While restrictions on smoking have gradually tightened in Evanston this year, Evanston Township High School officials have reduced smoking and drinking among students since 2001, according to the University of Illinois’ Center for Prevention Research and Development (CPRD).

ETHS is now one of the first high schools in the nation to accomplish this with the help of an advertising campaign focused on student perceptions and social norms.

The campaign, called Strength in Numbers and coordinated by ETHS’s Peer Services Department, the CPRD, and The National Social Norms Resource Center, began in May 2001.

A 2001 survey of 2,010 ETHS students showed that 83 percent of the students did not smoke cigarettes and 53 percent of them did not drink.

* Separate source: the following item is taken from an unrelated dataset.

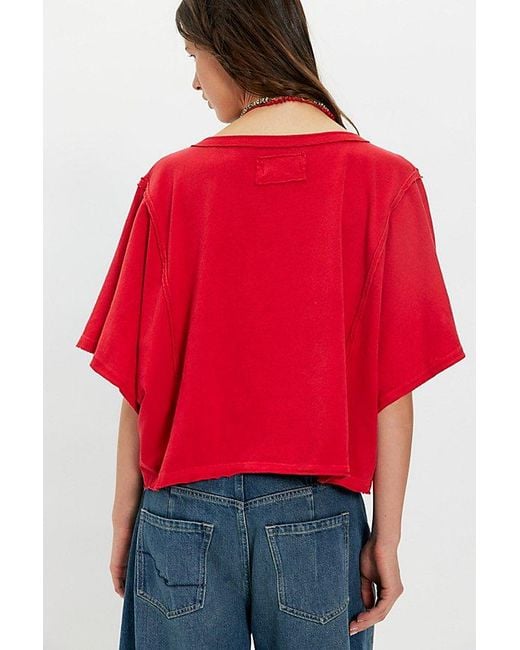 Free People Red Next Level Tee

But the students surveyed overestimated the popularity of drinking and smoking among their fellow students — on average, they thought only 15 percent of students did not smoke and that only 8 percent did not drink.

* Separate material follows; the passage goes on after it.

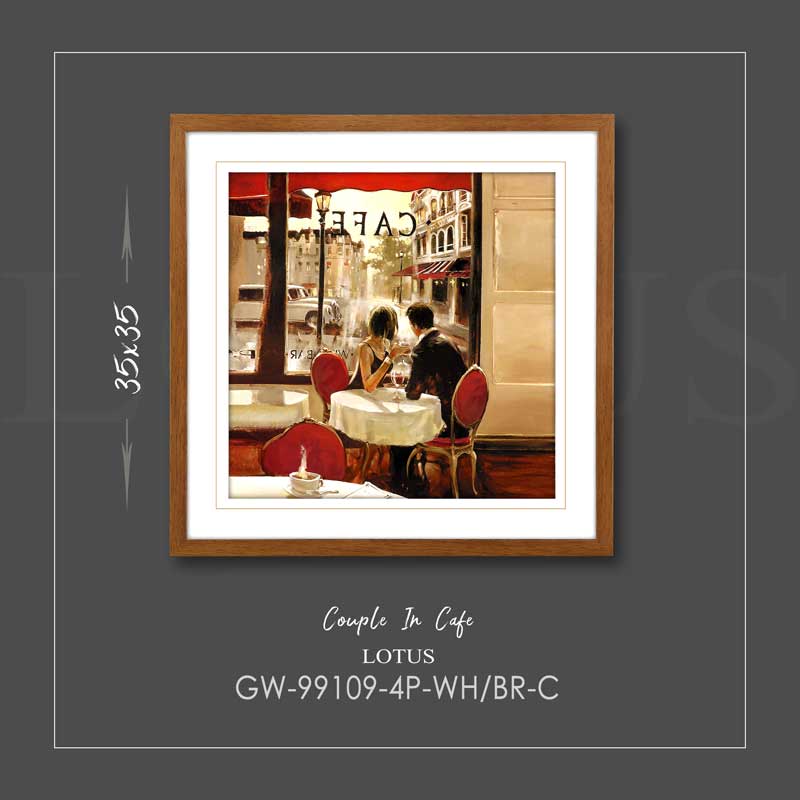 تابلو مدرن زوج در کافه COUPLE IN CAFE کد GW-99109-C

Accordingly, the resource center created ads with the goal of discouraging smoking by informing ETHS students that most of their peers didn’t smoke.

Posters displayed at the school following the 2001 survey carried messages like “Most (8 of 10) Wildkits choose not to smoke cigarettes” and, as surveys in 2002 and 2003 showed decreasing drinking and smoking among students, messages changed to fit the new numbers: “7 out of 10 ETHS students drink non-alcoholic drinks when they hang out with friends” and “I DON’T SMOKE — Just like 88% of ETHS students.”

On the posters, the messages are accompanied with photos of smiling teenagers and fine-print facts about the surveys.

The campaign also was funded by money from the Illinois Tobacco Settlement, Chicago Community Trust, and Rotary Club of Evanston Lighthouse.

Sara Christensen, community program development coordinator for Peer Services, said “there hasn’t been a lot of research about showing any strategies that have particularly shown any success” previous to the social norms campaign.

“This strategy has a lot of theory and research behind it,” unlike previous anti-smoking advertising efforts at ETHS, Christensen added.

By 2003, ETHS student smoking had decreased to 12 percent and alcohol use to 41 percent. Christensen said she considers this decrease proof that the program works, and that ETHS most likely will continue using the program indefinitely.